Treatment with Tecfidera (dimethyl fumarate) significantly reduces the risk of experiencing the first multiple sclerosis (MS) symptoms in adults with radiologically isolated syndrome (RIS), according to data from a Phase 4 clinical trial.

RIS is a condition in which patients have MS-like lesions on MRI scans, but lack typical symptoms of the disease.

This is the first clinical trial demonstrating the benefit of disease-modifying therapies (DMTs) in people with RIS — the “earliest detectable pre-clinical phase of multiple sclerosis,” Darin Okuda, MD, the trial’s principal investigator, said in an oral presentation at the 38th Congress of the European Committee for Treatment and Research in Multiple Sclerosis (ECTRIMS).

Okuda is a professor of neurology and the director of the MS and Neuroimmunology Imaging Program, as well as director of the Neuroinnovation Program, at University of Texas Southwestern Medical Center, in Dallas.
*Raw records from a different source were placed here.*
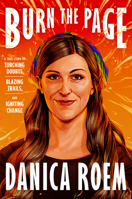 Burn the Page: A True Story of Torching Doubts, Blazing Trails, and Igniting Change 0593296559 Book Cover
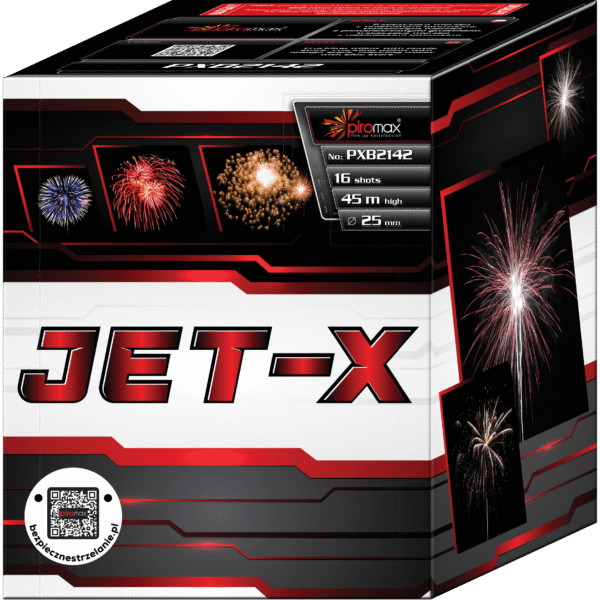 Piromax Jet-X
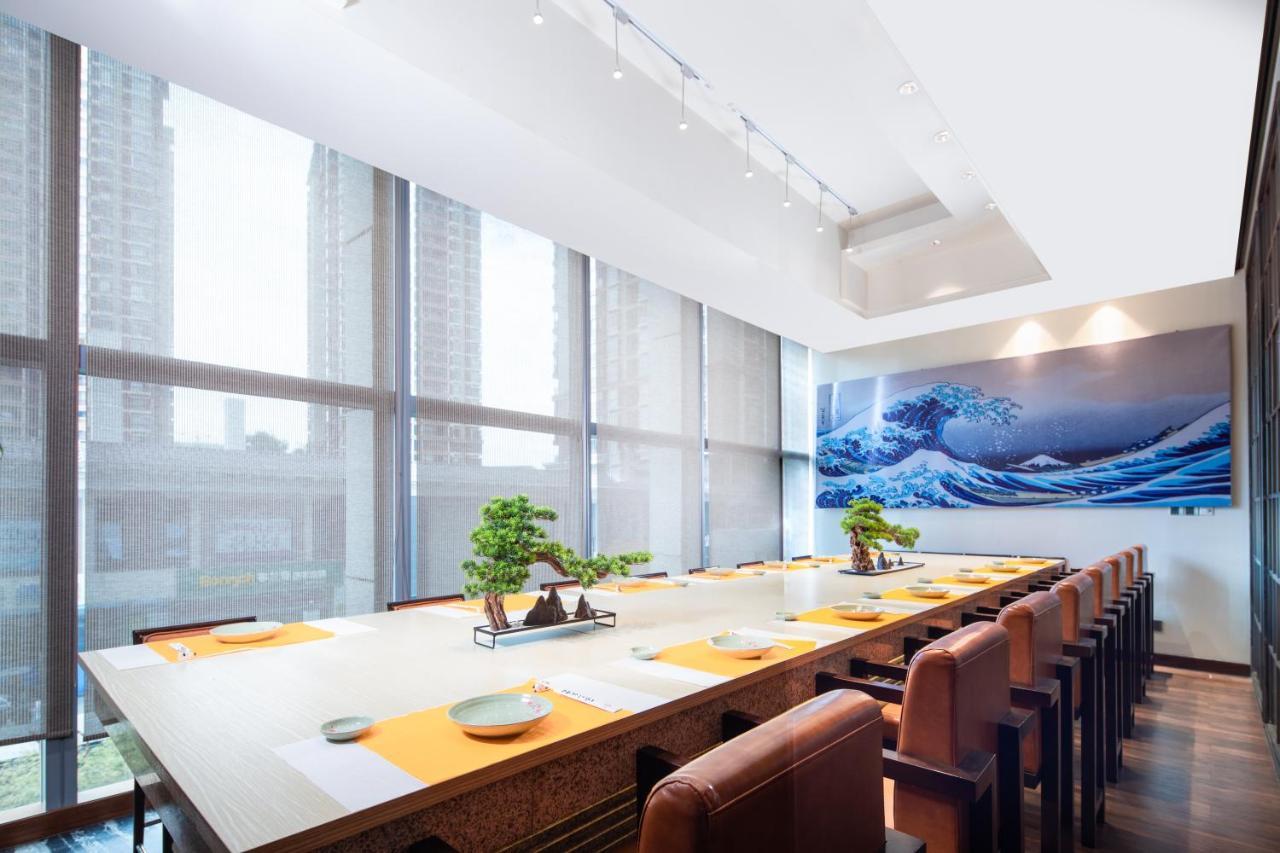 Hotel Wyndham Grand Plaza Royale Colorful Yunnan Kunming Esterno foto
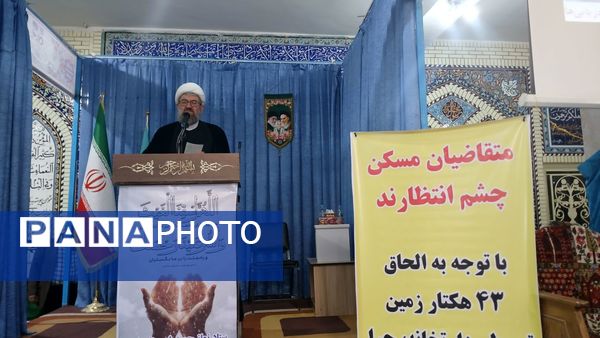 نماز جمعه این هفته شهرستان بن به میزبانی دبیرستان ابن سینا و فدک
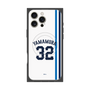 プレミアムパネル with MagSafe［ 埼玉西武ライオンズ- #32 YAMAMURA - ホーム ］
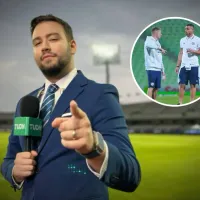 Adrián Esparza teme que Cruz Azul repita con Mateusz Bogusz el mismo error de Giakoumakis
The trial’s results, “Multi-center, randomized, double-blinded assessment of dimethyl fumarate in extending the time to a first clinical demyelinating event in radiologically isolated syndrome (ARISE),” were shared by Okuda at the ECTRIMS 2022 Congress, held Oct. 26–28, both virtually and in Amsterdam, Netherlands. Biogen, which developed and markets Tecfidera as a DMT, funded the trial.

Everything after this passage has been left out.